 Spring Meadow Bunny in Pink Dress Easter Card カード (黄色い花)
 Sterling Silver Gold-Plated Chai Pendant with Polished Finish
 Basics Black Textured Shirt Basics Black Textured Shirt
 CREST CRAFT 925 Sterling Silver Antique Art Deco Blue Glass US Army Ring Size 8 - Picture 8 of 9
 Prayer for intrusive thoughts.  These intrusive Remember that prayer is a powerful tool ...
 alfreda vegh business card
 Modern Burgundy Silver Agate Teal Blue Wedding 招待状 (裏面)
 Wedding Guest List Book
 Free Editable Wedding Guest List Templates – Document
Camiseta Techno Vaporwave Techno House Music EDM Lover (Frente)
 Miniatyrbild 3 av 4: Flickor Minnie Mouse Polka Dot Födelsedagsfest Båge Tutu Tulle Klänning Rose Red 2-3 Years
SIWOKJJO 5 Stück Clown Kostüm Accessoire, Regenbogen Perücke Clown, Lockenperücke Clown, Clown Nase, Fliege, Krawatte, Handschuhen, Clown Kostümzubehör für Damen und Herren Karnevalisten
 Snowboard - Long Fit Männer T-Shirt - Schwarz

--------------------

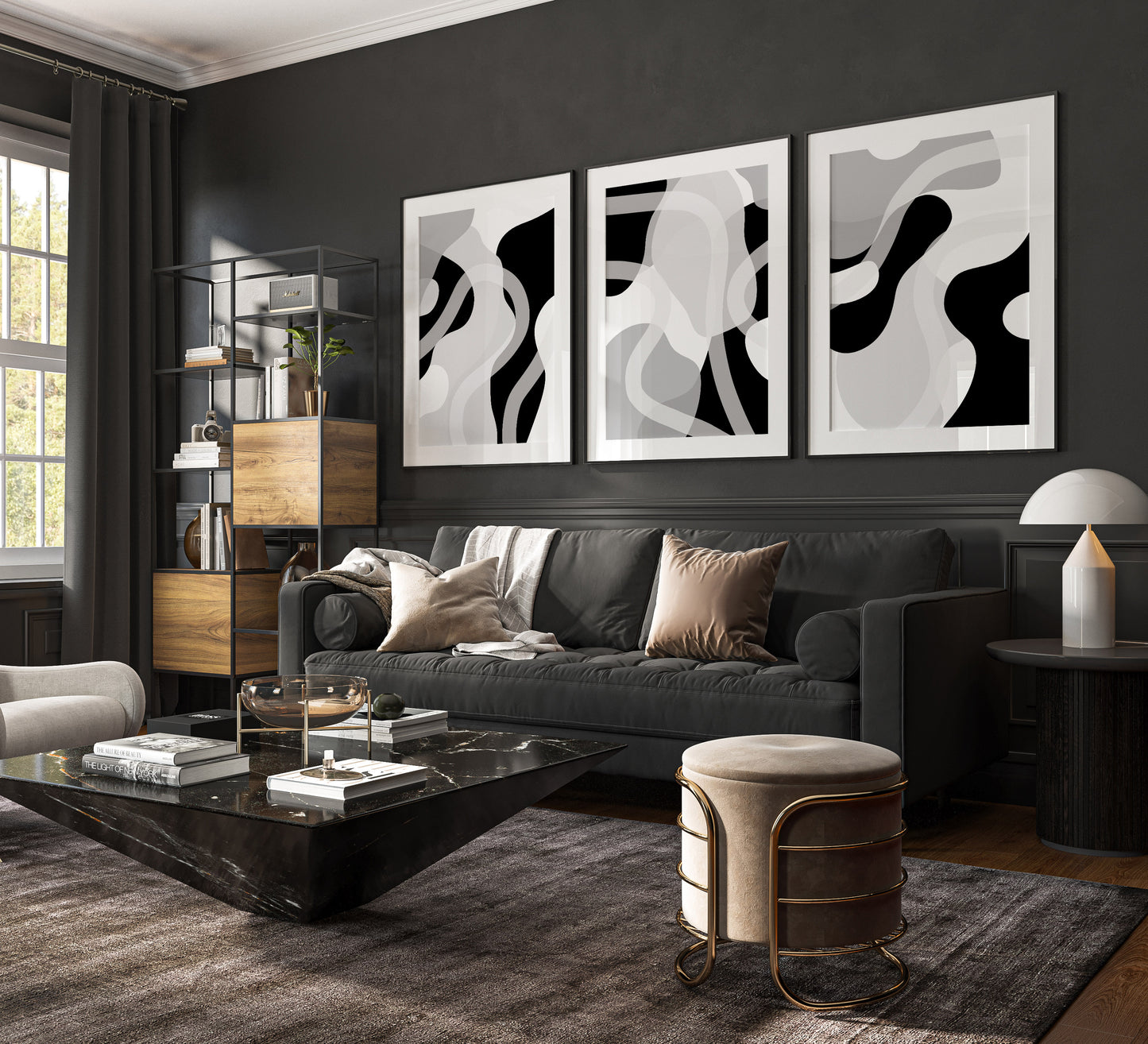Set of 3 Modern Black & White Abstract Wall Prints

--------------------

### Exercise description
Starting with the line that holds "Sterling Silver Gold-Plated" and ending with the line that holds "Miniatyrbild 3 av", retype every line in the data above exactly, and nothing else.

### Result of the task
 Sterling Silver Gold-Plated Chai Pendant with Polished Finish
 Basics Black Textured Shirt Basics Black Textured Shirt
 CREST CRAFT 925 Sterling Silver Antique Art Deco Blue Glass US Army Ring Size 8 - Picture 8 of 9
 Prayer for intrusive thoughts.  These intrusive Remember that prayer is a powerful tool ...
 alfreda vegh business card
 Modern Burgundy Silver Agate Teal Blue Wedding 招待状 (裏面)
 Wedding Guest List Book
 Free Editable Wedding Guest List Templates – Document
Camiseta Techno Vaporwave Techno House Music EDM Lover (Frente)
 Miniatyrbild 3 av 4: Flickor Minnie Mouse Polka Dot Födelsedagsfest Båge Tutu Tulle Klänning Rose Red 2-3 Years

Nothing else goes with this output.